ЕС уделяет все больше внимания разработке концепций автономии во многих областях, включая доступ к важнейшим видам сырья.
Общая внешняя политика и политика безопасности ЕС была создана для координации стратегических целей государств-членов и разработки единого подхода к решению стратегических задач, но по прежнему ключевым фактором безопасности континента оставался блок НАТО. Как регулировать отношения между ЕС и НАТО, то есть ведущими европейскими государствами, которые искали больше пространства для маневра и независимых действий в международных отношениях, и США, стало особенно сложно в годы после публикации Глобальной стратегии ЕС. Сложности и путаница усиливаются тем, что руководство ЕС пытается объяснить, что «функция реализации стратегической автономии на самом деле заключается в укреплении трансатлантического партнерства и укреплении связи между Брюсселем и Вашингтоном». Примечательно, что из-за отсутствия ответа на вопрос о том, как сформулировать общую внешнюю политику и политику безопасности, ЕС всё больше и больше ориентируется на разработку концепций автономии в других областях, таких, например, как доступ к важнейшему сырью. Поэтому, несмотря на заявления Бореля и Макрона, Евросоюз мало говорит и еще меньше работает над конкретизацией внешнеполитического измерения своей стратегической автономии.
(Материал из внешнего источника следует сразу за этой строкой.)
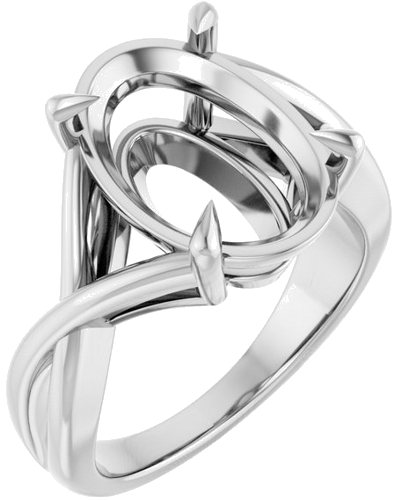 Sužadėtuvių Žiedas „Claw-Prong Solitaire“ 14k white gold Oval 14mm x 10mm (1)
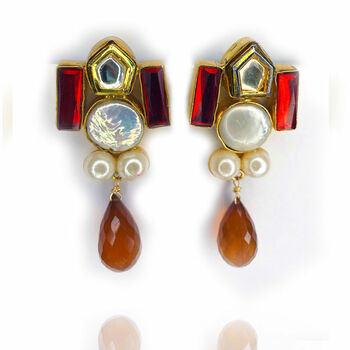 Red Crystal, Chalcedony And Baroque Pearl Earrings, 2 of 2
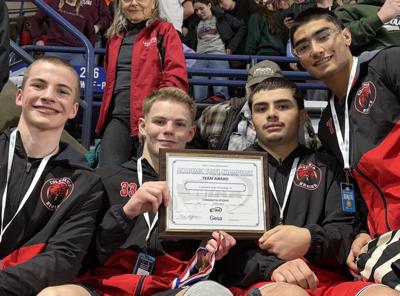 The Bruin boys’ wrestling team was recognized as the WIAA Academic State Champions with an average 3.944 GPA on the varsity roster.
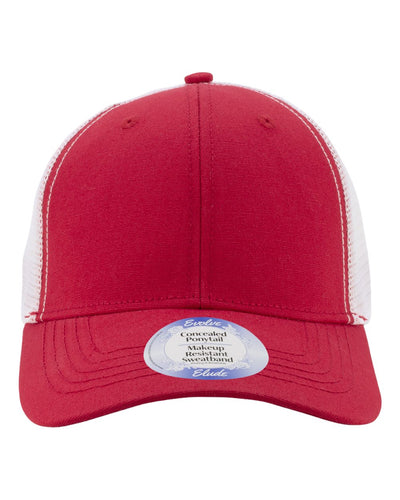 Infinity Her Charlie ponytail trucker hat, Red/White, front view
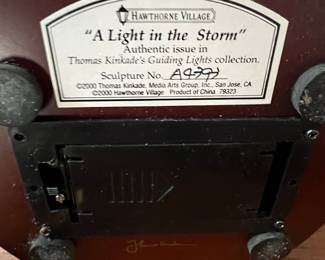 Hawthorne Village Thomas Kinkade A Light in the Storm Sculpture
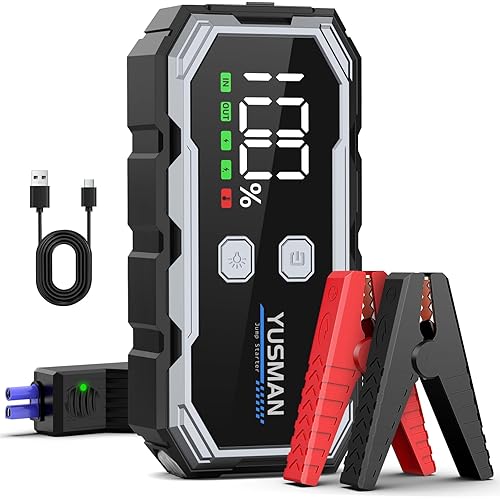 Jump Starter, 5000A 12V Car Battery Booster, Portable Battery Pack (7.0 Gas/5.0L Diesel), Portable Jump Starter with Extended Smart Jump Cables, 3-Mode Lights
Напомним, что с теоретической точки зрения стратегическая автономия включает в себя три основных элемента: стратегическую безопасность, стратегическую экономику и стратегическую культуру. Что из всего этого Евросоюз имеет на сегодняшний день? Без США и без НАТО стратегической безопасности Европы просто не существует. Говорим ли мы о ядерном сдерживании или расширенной концепции сдерживания, Европа не способна защитить себя от какой-либо стратегической угрозы. Для этого нет не только возможностей, но и соответствующих доктрин. Доктрины как ЕС, так и большинства европейских стран связаны с НАТО, а НАТО является асимметричным военным союзом, поскольку в этом блоке роль США является доминирующей.
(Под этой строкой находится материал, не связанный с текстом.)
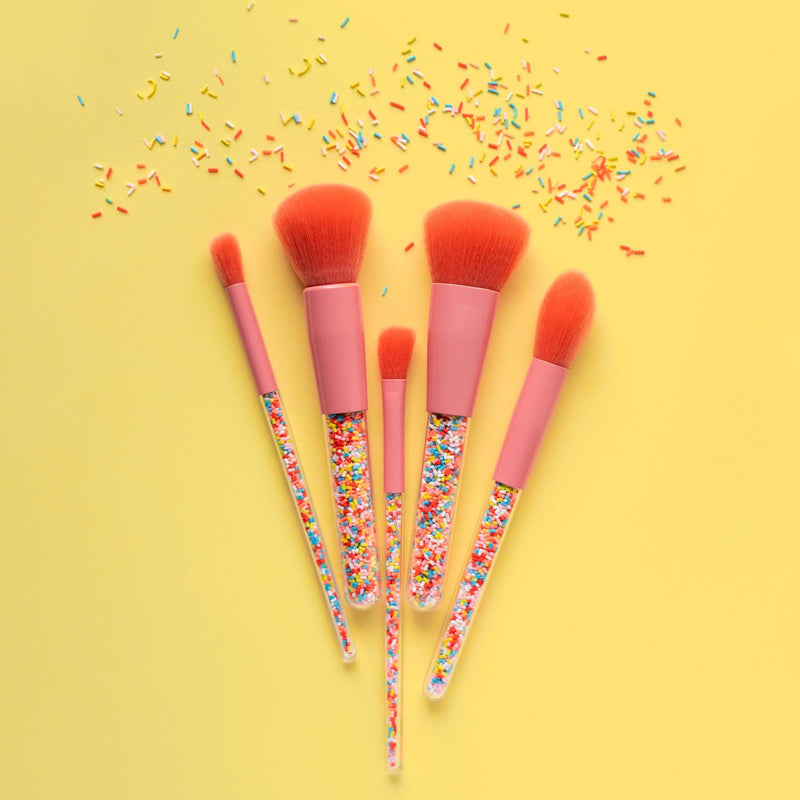 Oh Flossy Sprinkle Makeup Brush With Sweet Sprinkle Handles Set of 5 Gift Idea for 3yrs+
Также, когда речь заходит о стратегической экономической автономии, Европа сталкивается с несколькими весьма неудобными истинами. Во-первых, доля важных европейских игроков на мировом рынке стремительно снижается. Европа больше не конкурентоспособна.
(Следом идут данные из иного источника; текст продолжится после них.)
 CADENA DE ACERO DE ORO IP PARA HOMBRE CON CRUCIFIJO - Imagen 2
Неолиберальный дискурс, основанный на гендерном равенстве, упорно навязывается как стратегическая культура Евросоюза, которую большинство граждан европейских стран просто не принимает.
Во-вторых, продолжающаяся инфляция не является результатом ни пандемии, ни конфликта на Украине: это результат системной ошибки, допущенной при попытке сделать упор на финансовую экономику как на генератор экономического роста. Постоянно печатаются деньги, этот подход просто перенят в Евросоюз из политики американского Федерального Резерва, выдаются бесчисленные кредиты, целесообразность которых крайне сомнительна.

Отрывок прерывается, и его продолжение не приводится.